In any case, if I look at the logfile which is readable (thanks for the filename tip), I see that the sandr doesn't appear to be doing any good as my remove word is still there .
<pre>s_removewords[0]="[^\alnum]\P=>>MYWORDHERE=\F[^\alnum]"
s_removewords[1]=">>= "
s_removewords[2]=" =>>="
html before=...
etc.
<local hb he>
<$needmangle=N><!-- do we need to process HTML before extracting
was AFTER my code which was resetting needmangle back to N, and thus the code wasn't getting called in <manglepage> . I moved my (your!) code to after that section ending in </local>, and it appears to do the trick!
Ok, one related question... I tried using the 'ignore tags' feature for this but it didn't quite work as expected, and ended up wiping huge chunks of my resulting HTML.

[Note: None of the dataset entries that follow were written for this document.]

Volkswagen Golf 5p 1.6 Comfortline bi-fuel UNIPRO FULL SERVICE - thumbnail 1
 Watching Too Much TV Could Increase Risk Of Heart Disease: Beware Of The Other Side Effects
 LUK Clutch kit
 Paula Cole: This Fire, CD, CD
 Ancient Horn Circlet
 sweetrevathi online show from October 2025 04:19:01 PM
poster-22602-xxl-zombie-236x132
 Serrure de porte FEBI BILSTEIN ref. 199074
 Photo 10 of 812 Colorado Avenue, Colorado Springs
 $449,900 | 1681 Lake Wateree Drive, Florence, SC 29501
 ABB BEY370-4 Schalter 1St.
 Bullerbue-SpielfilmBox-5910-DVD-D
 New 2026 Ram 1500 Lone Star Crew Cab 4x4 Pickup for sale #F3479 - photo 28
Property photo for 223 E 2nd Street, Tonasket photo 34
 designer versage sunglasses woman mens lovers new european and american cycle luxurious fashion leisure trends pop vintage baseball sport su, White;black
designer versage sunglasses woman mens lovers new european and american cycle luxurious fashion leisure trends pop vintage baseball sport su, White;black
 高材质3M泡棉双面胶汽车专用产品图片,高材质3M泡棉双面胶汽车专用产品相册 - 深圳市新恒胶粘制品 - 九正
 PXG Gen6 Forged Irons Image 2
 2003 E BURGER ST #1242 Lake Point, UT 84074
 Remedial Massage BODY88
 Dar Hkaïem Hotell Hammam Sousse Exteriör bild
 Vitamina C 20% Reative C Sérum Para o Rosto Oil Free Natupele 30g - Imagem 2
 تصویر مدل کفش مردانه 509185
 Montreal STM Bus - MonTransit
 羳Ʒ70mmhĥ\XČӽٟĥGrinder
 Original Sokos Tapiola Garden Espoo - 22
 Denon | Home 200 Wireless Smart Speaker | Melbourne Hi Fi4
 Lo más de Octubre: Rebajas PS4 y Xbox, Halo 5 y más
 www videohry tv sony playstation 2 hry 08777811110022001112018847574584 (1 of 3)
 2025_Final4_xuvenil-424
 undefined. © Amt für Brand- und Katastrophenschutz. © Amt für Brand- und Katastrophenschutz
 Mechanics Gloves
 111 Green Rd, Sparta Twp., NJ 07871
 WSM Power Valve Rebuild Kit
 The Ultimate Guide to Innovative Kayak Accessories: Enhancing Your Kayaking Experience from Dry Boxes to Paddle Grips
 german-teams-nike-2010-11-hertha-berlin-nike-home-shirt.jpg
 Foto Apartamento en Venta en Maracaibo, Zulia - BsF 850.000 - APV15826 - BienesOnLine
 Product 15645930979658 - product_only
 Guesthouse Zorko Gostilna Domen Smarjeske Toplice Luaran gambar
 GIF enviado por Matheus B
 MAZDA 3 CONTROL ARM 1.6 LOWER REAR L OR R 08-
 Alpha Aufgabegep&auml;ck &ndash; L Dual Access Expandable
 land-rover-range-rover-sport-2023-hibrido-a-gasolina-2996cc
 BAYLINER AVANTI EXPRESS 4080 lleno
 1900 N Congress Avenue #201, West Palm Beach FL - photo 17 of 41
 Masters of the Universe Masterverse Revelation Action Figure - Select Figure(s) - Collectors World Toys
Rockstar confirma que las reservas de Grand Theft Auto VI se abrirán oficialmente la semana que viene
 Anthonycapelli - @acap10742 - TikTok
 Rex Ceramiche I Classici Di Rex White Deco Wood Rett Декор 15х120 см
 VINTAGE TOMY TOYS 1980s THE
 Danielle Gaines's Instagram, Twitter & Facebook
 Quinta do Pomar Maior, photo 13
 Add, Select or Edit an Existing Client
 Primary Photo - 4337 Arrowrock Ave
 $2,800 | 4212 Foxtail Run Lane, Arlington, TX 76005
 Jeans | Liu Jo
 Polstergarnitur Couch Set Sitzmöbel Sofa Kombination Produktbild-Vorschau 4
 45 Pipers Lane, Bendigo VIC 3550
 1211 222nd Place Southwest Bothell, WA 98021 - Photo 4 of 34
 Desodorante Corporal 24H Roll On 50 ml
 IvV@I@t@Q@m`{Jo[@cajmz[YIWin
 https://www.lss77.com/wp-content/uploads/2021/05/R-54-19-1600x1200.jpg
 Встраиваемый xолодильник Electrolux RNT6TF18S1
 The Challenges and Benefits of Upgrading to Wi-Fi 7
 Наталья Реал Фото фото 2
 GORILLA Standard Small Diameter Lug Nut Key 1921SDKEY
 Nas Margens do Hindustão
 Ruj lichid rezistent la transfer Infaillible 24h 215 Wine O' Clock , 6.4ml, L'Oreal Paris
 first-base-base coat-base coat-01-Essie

If I want to remove all data between this:
Start:
<b>This is my start: ...
End:
... my ending</a>
What would be the easiest way of doing that? I want to delete the smallest match possible anywhere it exists on the page, so it doesn't get too greedy on accident.
Ignore tags will delete everything between and including the strings you specify, they need not be just html tags.
The removal is not greedy in the sense that it will take the largest match. It will take the first match. But it is greedy in the sense that if the end tag doesn't exist it will remove to end of file. You can change that by changing the line
<strfmt ">>%s=!%s*%s?" $hb $he $he>
to
<strfmt ">>%s=!%s*%s" $hb $he $he>
Then it will remove only if both begin and end tag exist.